Chapter 4: Voyage to South America, 1905-1906

Roland Thaxter (1858-1932) left Boston on August 17, 1905 for Liverpool, England where he he gained passage on the Pacific St. Navigation Company's S.S. Orissa bound for Brazil.

Early in the trip Thaxter's plans for collecting were thrown into disarray when he was informed by the first officer that a smallpox epidemic was raging in Chile, especially in Valparaiso, where the bodies were being piled in the streets.  Thaxter spent the next few days in "considerable mental disturbance" trying to decide how to reorder his visit so that he could still reach the areas he wishes to collect in.

On September 25th Thaxter arrived in Buenos Aires. He spent his time there collecting bugs and fungus, making contacts, visiting museums, and meeting with Carlos Spegazzini, the eminent Argentine mycologist. Unfortunately, during this time his health had begun to suffer.  Because of digestive issues Thaxter had lost fourteen pounds since he left Liverpool on August 31st. This weak stomach was a problem that would plague him throughout most of this journey.  

On October 21st Thaxter left Buenas Aires onboard the Venus heading to Montevido.  His collecting there was much more successful "I have been able to gather in a good many Laboulbenias and I would think among them not less than 30 new species and half a dozen new genera as far as I can see".  His luck changed when, less than a week later he left for Coronel, Chile.  There were many hot and dry weeks and it was impossible to collect.   "The impression of a first landing in Chile are not pleasing, the general dirt, dilapidation, and squalor, a great contrast to ones first impression of the Argentine as gained from Buenes Aires and looking at the people one feels as if he were landed in a paradise of cutthroats and does not wonder that the traveler is almost universally advised to carry a revolver."

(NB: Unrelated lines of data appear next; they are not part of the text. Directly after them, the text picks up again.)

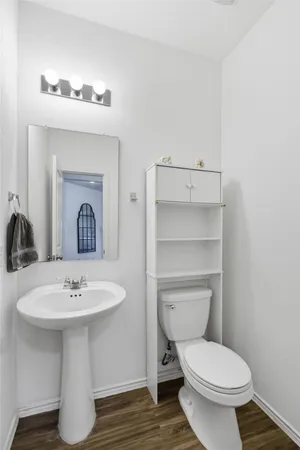 a bathroom with a sink toilet and a mirror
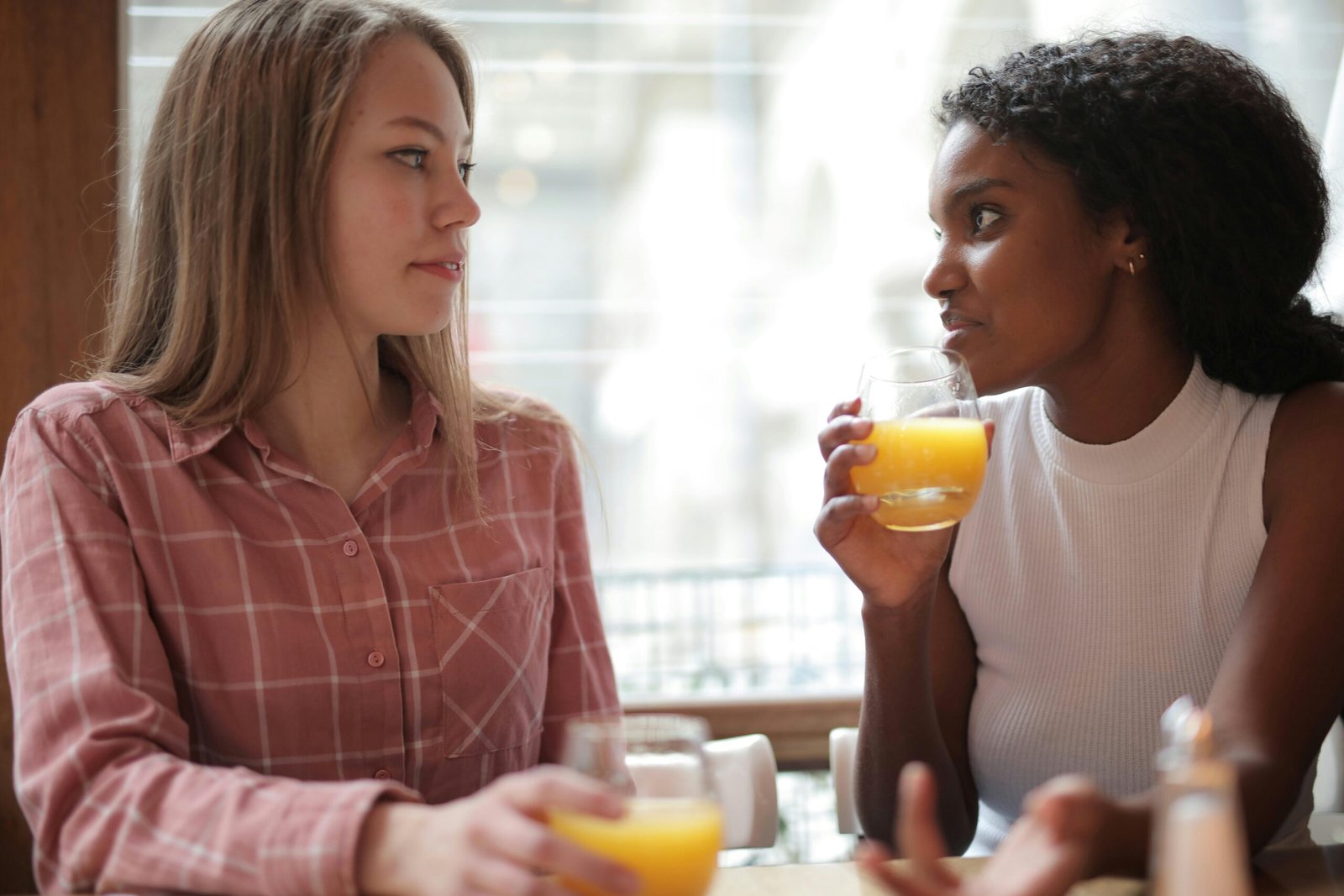 Two women enjoying a casual conversation while drinking orange juice in a café.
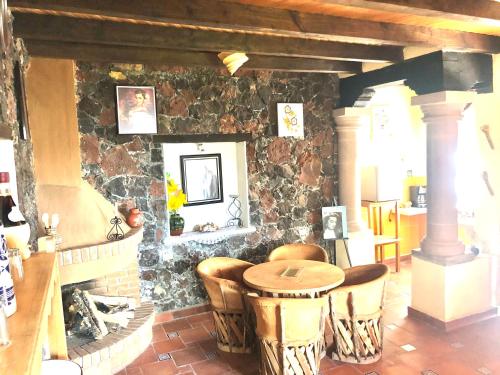 a room with a stone wall with a table and chairs at La Gloria de Los Ángeles in Tzintzuntzán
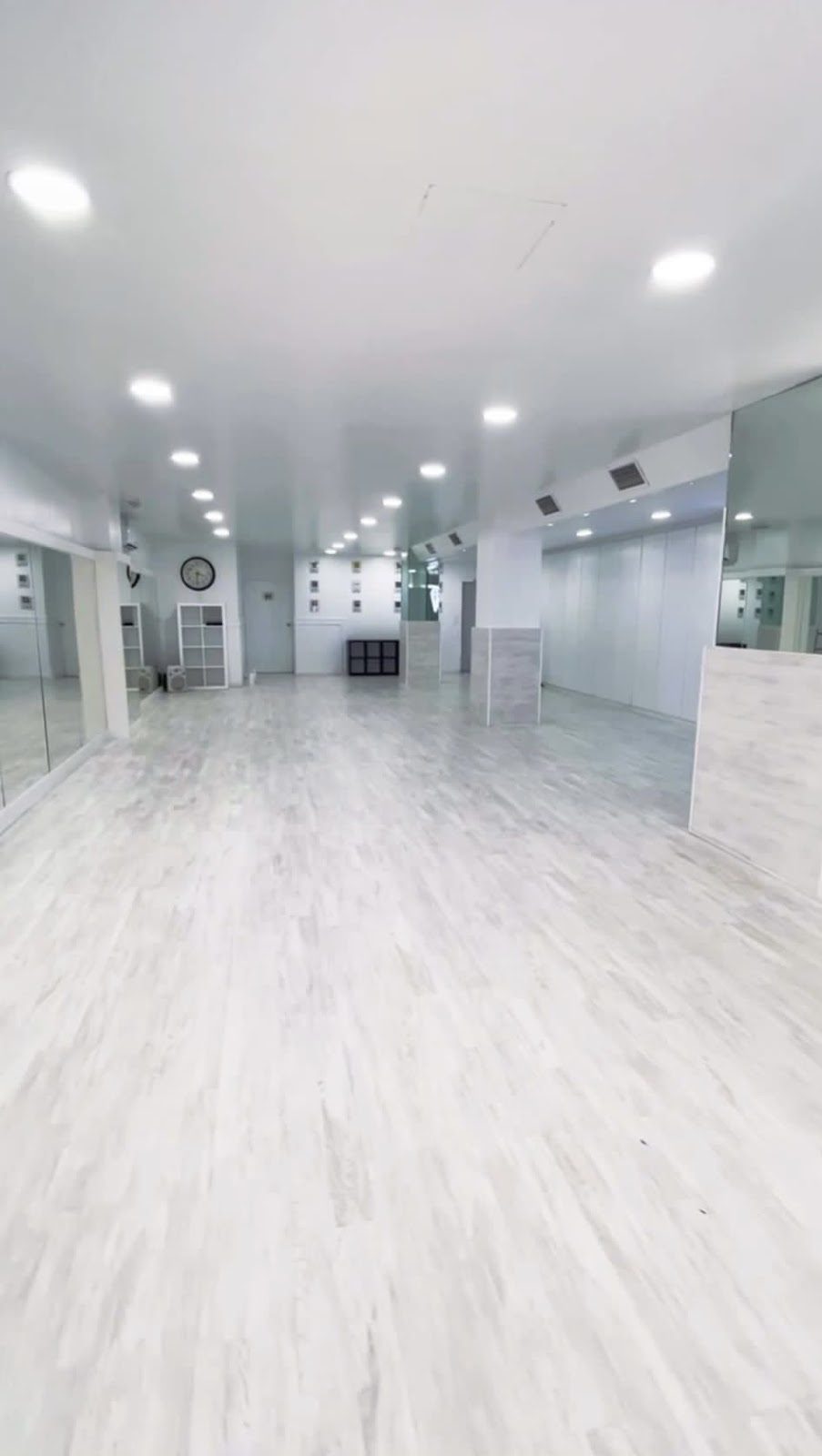 Spacious, bright dance studio with white walls and wooden flooring at Academia de Danza Diamonds.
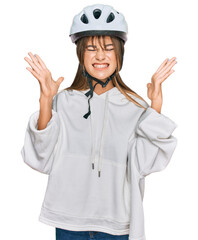 Teenager caucasian girl wearing bike helmet celebrating mad and crazy for success with arms raised and closed eyes screaming excited. winner concept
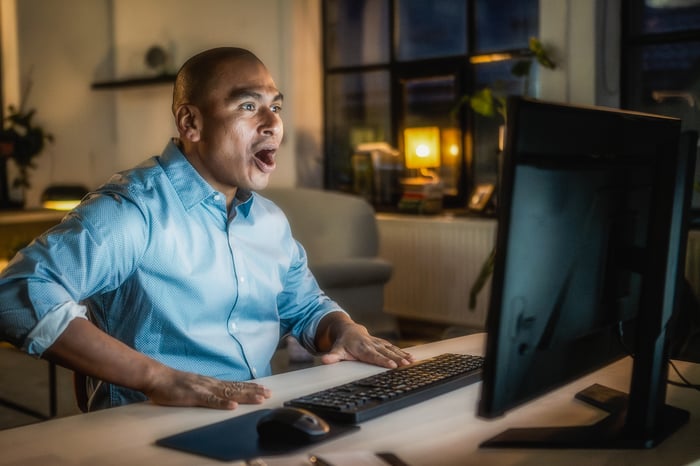 A person looking shocked while staring at a computer screen.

Thaxter became very ill early in January, 1906. He debated returning home but felt he was too sick to undertake such a journey.  That same month he left for Puenta Arenas on the steamer Eedfu. During much of his time on board he continued to feel very sick.   He woke often with his arms and legs asleep.  He was seen by the ships doctor who gave a diagnosis of "vasomotor neurasthenia" (chronic fatigue) and told him not to strain his heart.

Thaxter arrived in Puenta Arenas on January 22nd.He found lots of algae loose on shore among the "dead cats which stretch for a couple of miles".  On February 1st while out collecting "... I saw a gruesome object lying in the sun, the hair dark and bristly, the arms extended.   A new pair of shoes and clothes but little worne [sic]. After all the varied assortment of dumpage I had traversed among which dead dogs, cats, sheep, hens, and calves were copiously distributed, I seemed to take this last item almost as a matter of course, and after a cursory examination I continued my way to the turn of the point and then struck across inland over the flat rather sterile region which characterizes this spit of land".

On April 29th Thaxter received a cable "Eliot ill come home".   His eldest son Eliot had become sick. Thaxter hurridly changed his plans but was able to leave that day. The next day he received a second cable that read "physicians given up all hope" and quickly Thaxter booked passage on a ship home. On May 18th he reached Lisbon.   “I received a cable which told me that all was over and that Eliot had died the day after I left Rio... Determined not to go overland as it appeared I could not take a steamer sooner by doing so. Begged the pursar to let me have a room to myself as several were vacant...  It seemed queer to me that neither he nor either of the two others to whom I had spoken of my trouble were human enough to speak to me about it or ask as to my news. The Dr. to whom I had brought my first cable never mentioned the matter again and kept speaking of his own son -about Eliot's age- at school."

Thaxter presented a talk at a Botanical Society of America meeting about this trip and the materials he collected but besides this only a short paper was printed in the Botanical Gazette in 1910 titled Notes on Chilean Fungi.  Unfortunately, a full treatment of this material was never completed.